Manaea was the best he’s been as a Met, striking out 11 and allowing just one runner past first in seven innings, plus showing off some amusingly elaborate personalized handshakes. (Even more amusing: whatever it is Pete Alonso and Winker are doing to entertain themselves here.) Stanek was victimized by an Alonso error to start his second go-round as a Met but emerged unscathed with a little help from Diaz, who recorded a four-out save despite throwing, by my count, 72 sliders that screamed HIT MEEEEEE while sitting in the middle of the plate. The Twins didn’t hit them; whatever works I suppose.

And so we arrive at the last day of July and the assembly of the roster that will push through August and September with hopes of playing beyond those months. A bit of hoary old baseball wisdom is you spend the first two months seeing what you have, the next two getting what you need, and the last two going for it. Well, here’s to going for it.

Addendum: Your recapper, because he’s a dick, is headed for Iceland Friday night for nine days, sticking Greg with recapping the entirety of a hate-mission road trip. Be nice to him.

11 comments to They’re Always the New-Look Mets

  • Curt Emanuel

    I can’t get excited about Blackburn. It seems like he’s had brief strong stretches before and maybe we’ll get lucky and catch one but otherwise he seems more of what we have already – a 4/5 starter. If he can stay healthy. But we didn’t give up much. Brazoban’s another story if he can continue what seems to be his version of the old man breakout season. We hit the jackpot with one from Dickey a while back – no way this will be as impactful but a bullpen version would be nice. Plus we should get Reid-Foley and Garrett back before too long. In the end we didn’t transform the team up – Winker will help – and didn’t tear apart the farm system.

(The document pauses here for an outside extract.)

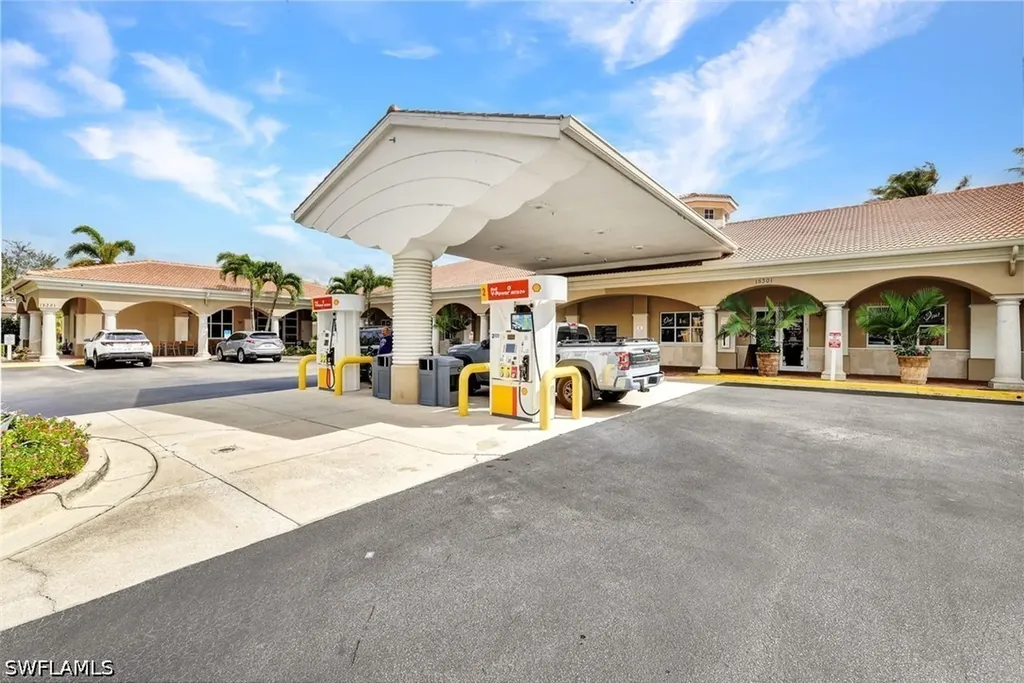 28729 Xenon Way Bonita Springs FL 34135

    What I could get excited about is Manaea. Damn dude! The other thing I could get excited about is the White Sox. I’m just not sure which way to go. Should I want us owning the worst MLB season in modern times erased or be proud, in a strange way, of us owning that piece of history?

    • Eric

      Also, Nunez shouldn’t be far behind Reid-Foley and Garrett in coming back. Stearns didn’t add a bonafide closer as Diaz insurance or a fireman/set-up man, someone other than Diaz who Mendoza would have trusted to finish the 8th inning last night, but that’s Nunez’s role when he comes back. The middle relief has been reinforced, which is big for a starting staff that usually goes 5. They should be able to keep a tied game tied, a close deficit within reach, or hold a 1-2 run lead for 3-4 innings.

      Blackburn isn’t interesting for his own sake. Like you said, he seems redundant. What makes him interesting is what adding him could mean for Megill moving to the bullpen or Butto staying there. I don’t believe the Mets are adding Blackburn to go to a 6-man rotation after all. I don’t believe he’s going to the bullpen. Or that he’ll bump Peterson to the bullpen. But that’s possible, too, if Peterson is viewed as an answer for the lefty reliever need.

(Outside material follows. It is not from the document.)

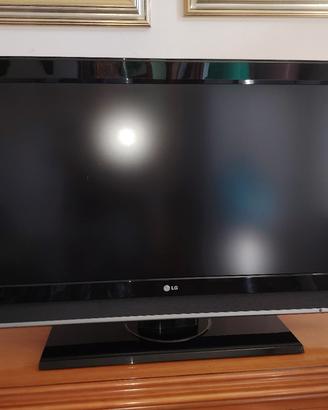 LG 32"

      As far as the 40-win record, I’d like the Mets to keep the record. But I sometimes wonder if holding that record has been a karmic anchor holding the Mets back from sustained success.

  • Wheaties54321

    I like how Stearns padded the roster with more pitching depth. Some of the new guys will work out, some won’t. When you combine the new arms with what the Mets have, you get a reinforced pitching staff. I think the Mets are stronger now in middle relief so that’s a plus. Nunez, Butto, and Diaz are the key performers out there. Garrett and SRF will have to earn their way into the late inning circle of trust

  • Eric

    I like what Stearns did. He shored up the bullpen and added Winker to the offense with conservative spending. Part of that is wanting Butto to get a shot at starting, and Blackburn doesn’t obviously close the door on that, while there should be enough added to the bullpen to backfill for Butto if he’s given the shot. I don’t see that the wildcard contenders who spent significantly more prospect capital than the Mets significantly improved more than the Mets. We’ll see.

    It’ll be interesting to see how rookie manager Mendoza manages the improved bullpen compared to the gasoline throwers he’s had to work with.

    Seeing what teams spent makes me almost wish the Mets had tanked like the Marlins. The Mets roster is packed with players who were primed for a trade-deadline blowout sale. Imagine the prospect haul. Acuna, Gilbert, Williams, Mauricio, Baty, Scott, and Sproat could have been made yesterday’s news. Still, even though the long-term plan for sustained success didn’t get an exciting boost from the trade deadline, Stearns didn’t hurt it to contend this year.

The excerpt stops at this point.